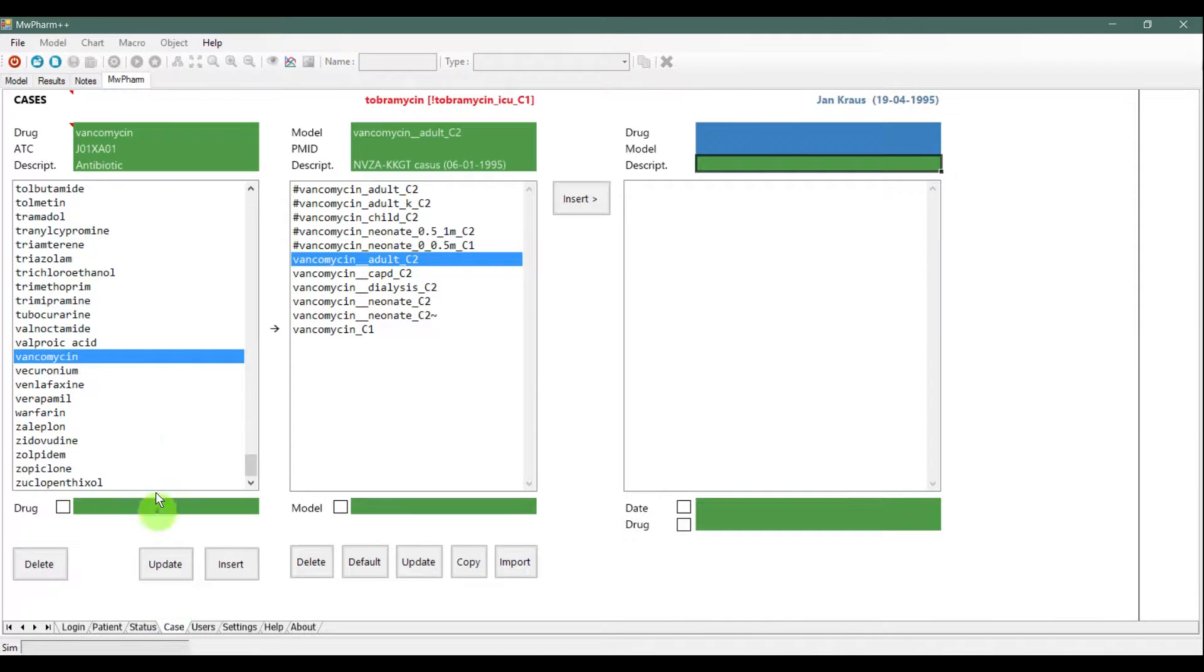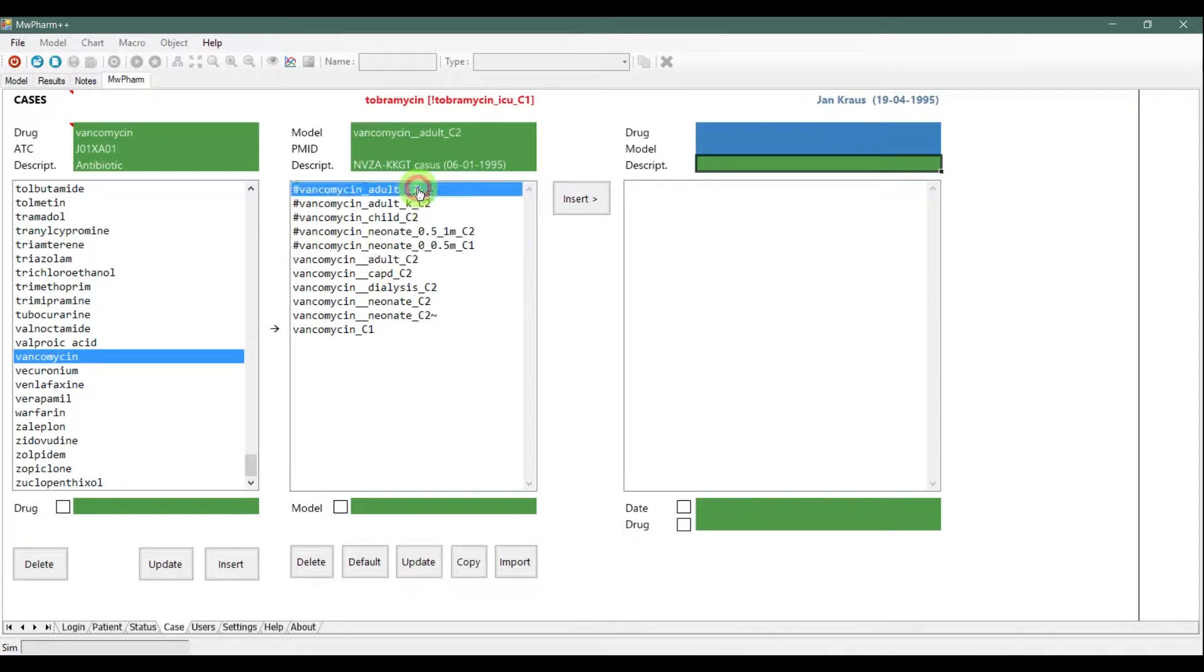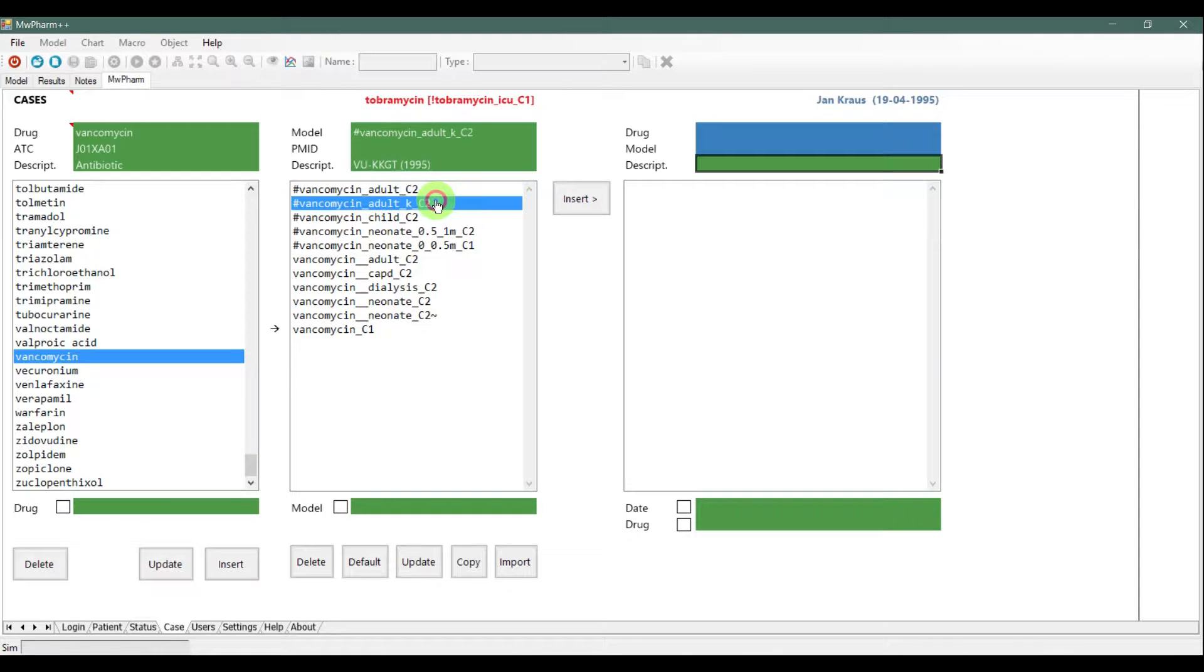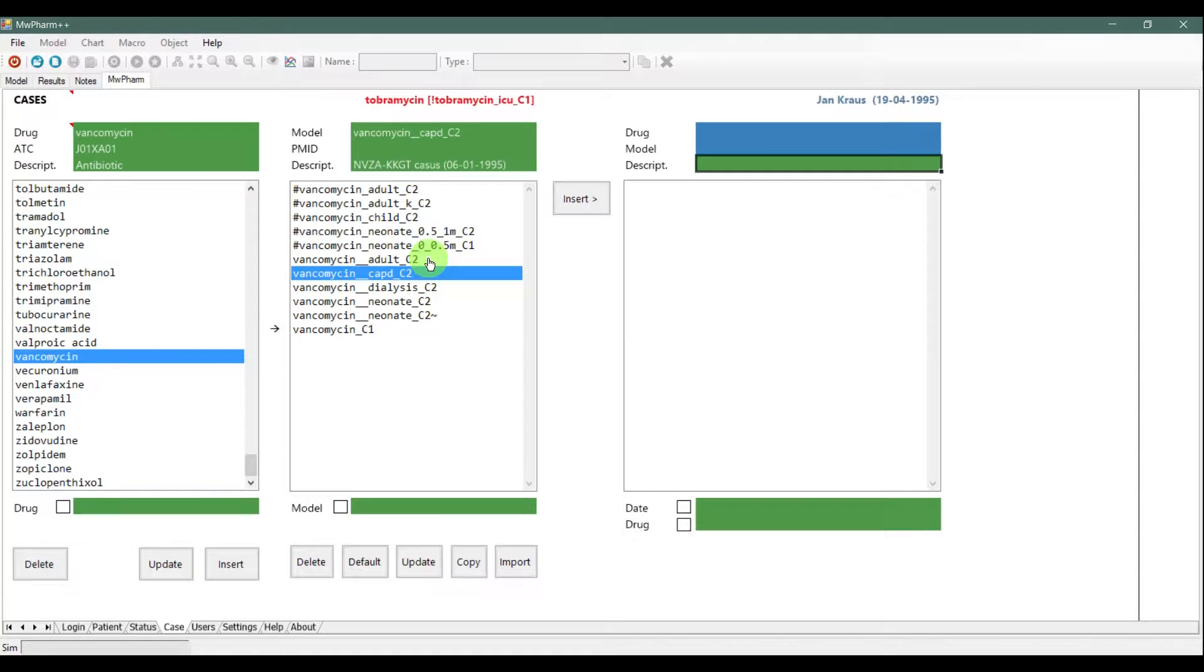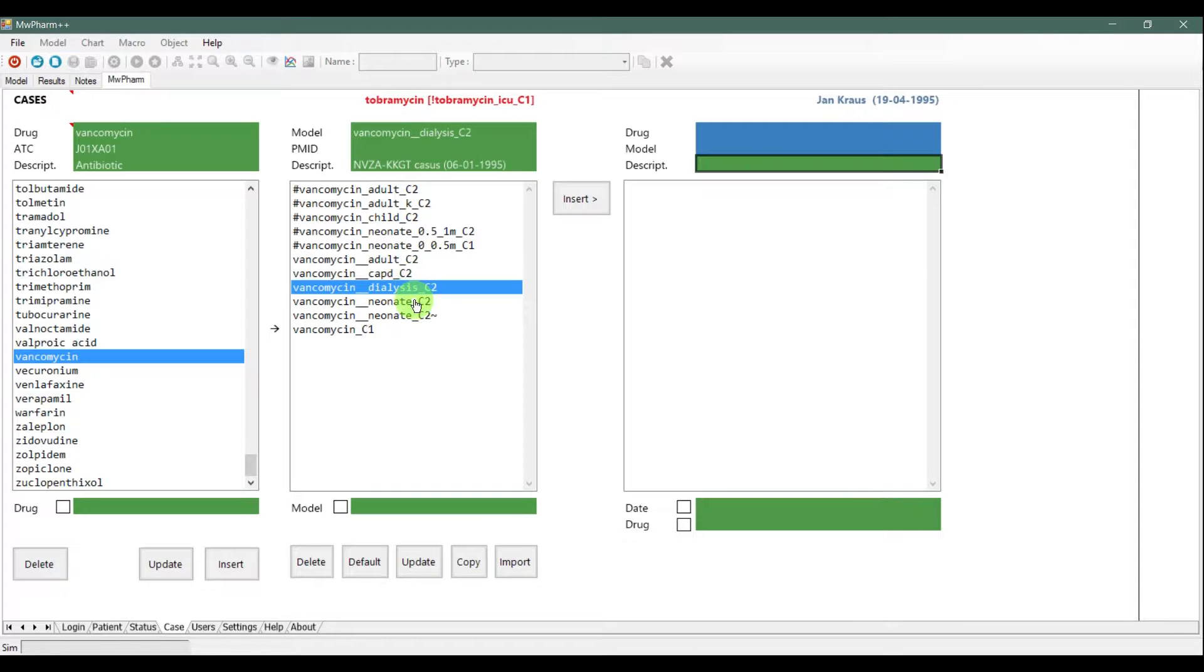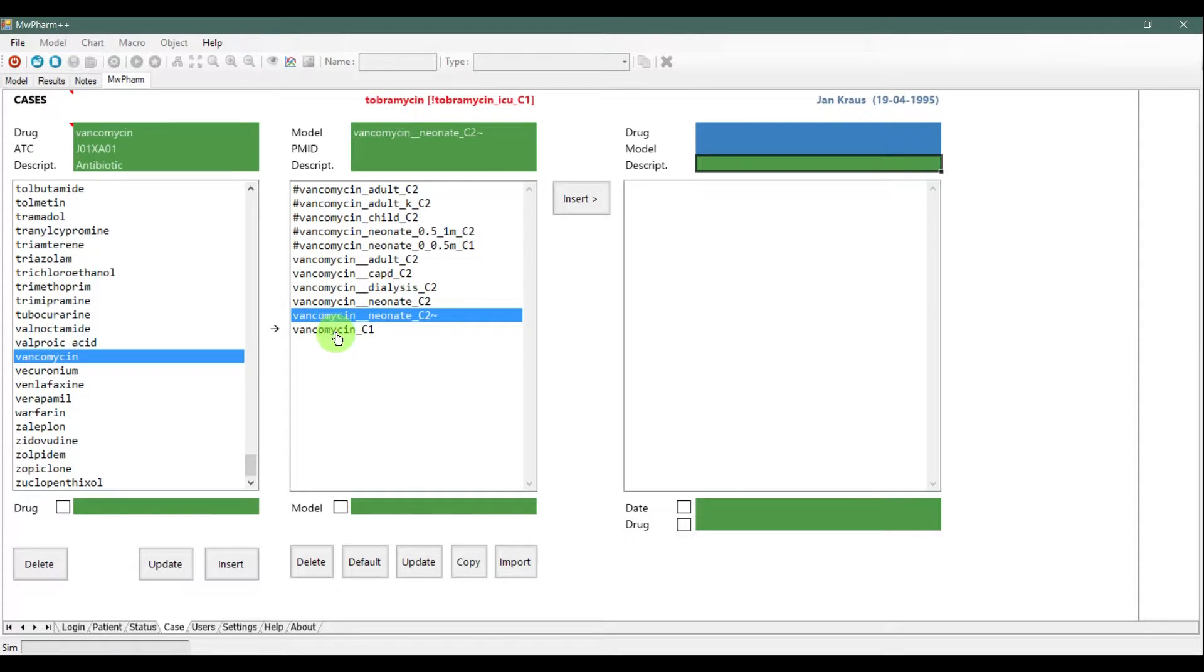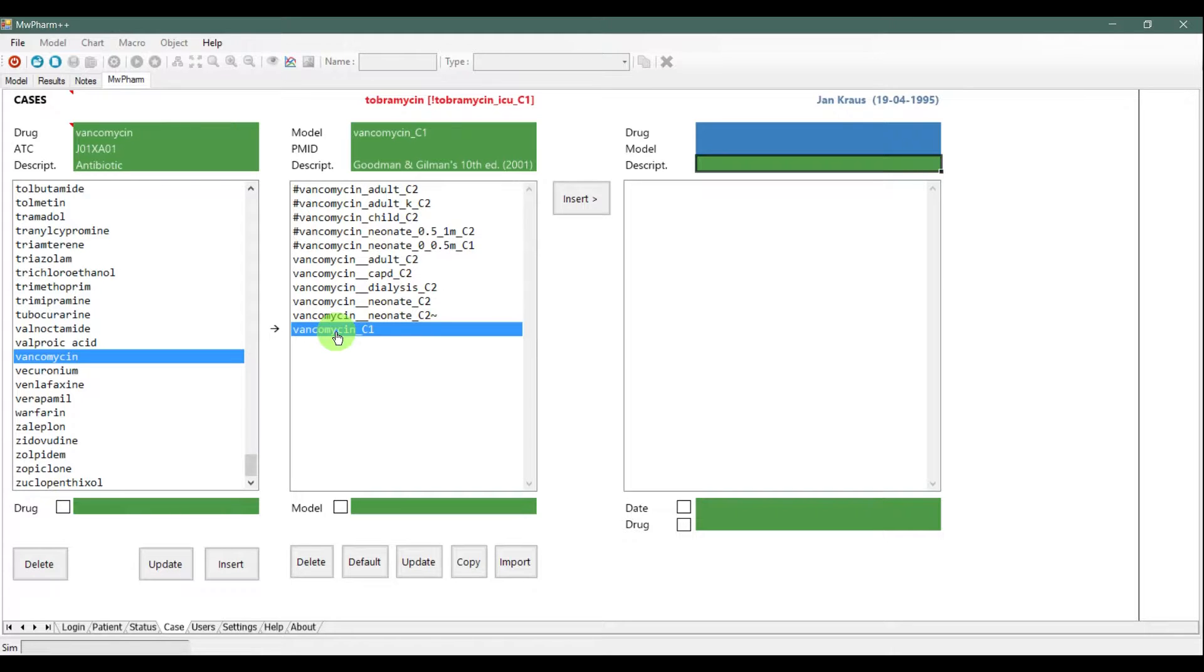Now, go back into the case tab and select a drug you want to use. In our example, we will use vancomycin. When you click on it, you will be able to choose a model for your drug application. For some drugs, there is a lot of models.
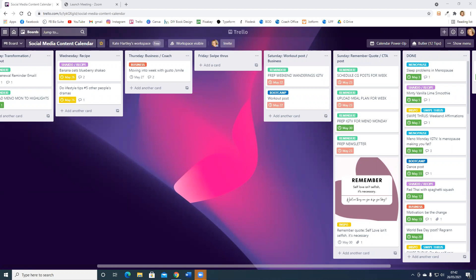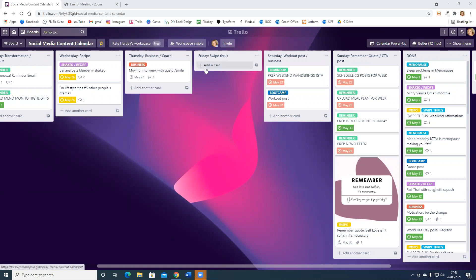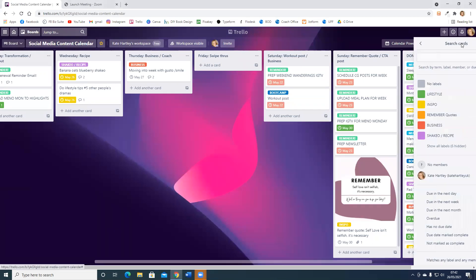On Friday I need to see what swipe throughs I'm going to be doing this week. I haven't got my card there yet, so I want to do a search to see which swipe through categories I've already used so that I don't duplicate by accident. First, I'm going to go to show menu, and then here you can see all the labels I've set up.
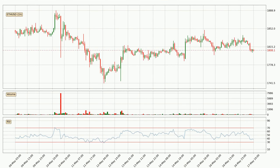Jumping to the hourly relative strength index, the current hourly RSI is at 38, so it doesn't show signs of overbought or oversold conditions at this point.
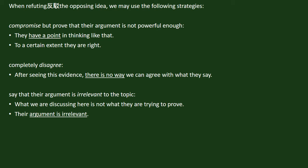Strategy one: Compromise, but prove that their argument is not powerful enough. We can say 'they have a point in thinking like that,' or 'to a certain extent they are right.' Or we can choose to completely disagree by saying, 'After seeing this evidence, there is no way we can agree with what they say.' Or we can say that their argument is irrelevant to the topic — for example, 'what we are discussing here is not what they are trying to prove,' or simply 'their argument is irrelevant.'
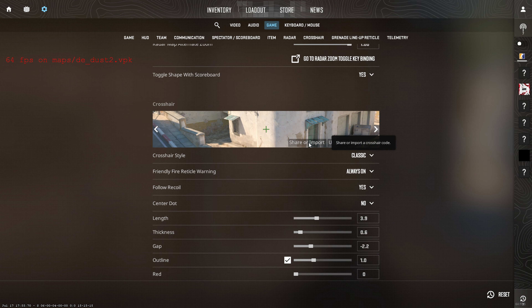Click on the Share or Import button. Then, paste your desired crosshair code into the Input field.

---------------

Task item>
From the material above, output every line exactly as written, dropping any picture.

Answer section>
Now, go back into the case tab and select a drug you want to use. In our example, we will use vancomycin. When you click on it, you will be able to choose a model for your drug application. For some drugs, there is a lot of models.
On Friday I need to see what swipe throughs I'm going to be doing this week. I haven't got my card there yet, so I want to do a search to see which swipe through categories I've already used so that I don't duplicate by accident. First, I'm going to go to show menu, and then here you can see all the labels I've set up.
Jumping to the hourly relative strength index, the current hourly RSI is at 38, so it doesn't show signs of overbought or oversold conditions at this point.
Strategy one: Compromise, but prove that their argument is not powerful enough. We can say 'they have a point in thinking like that,' or 'to a certain extent they are right.' Or we can choose to completely disagree by saying, 'After seeing this evidence, there is no way we can agree with what they say.' Or we can say that their argument is irrelevant to the topic — for example, 'what we are discussing here is not what they are trying to prove,' or simply 'their argument is irrelevant.'
Click on the Share or Import button. Then, paste your desired crosshair code into the Input field.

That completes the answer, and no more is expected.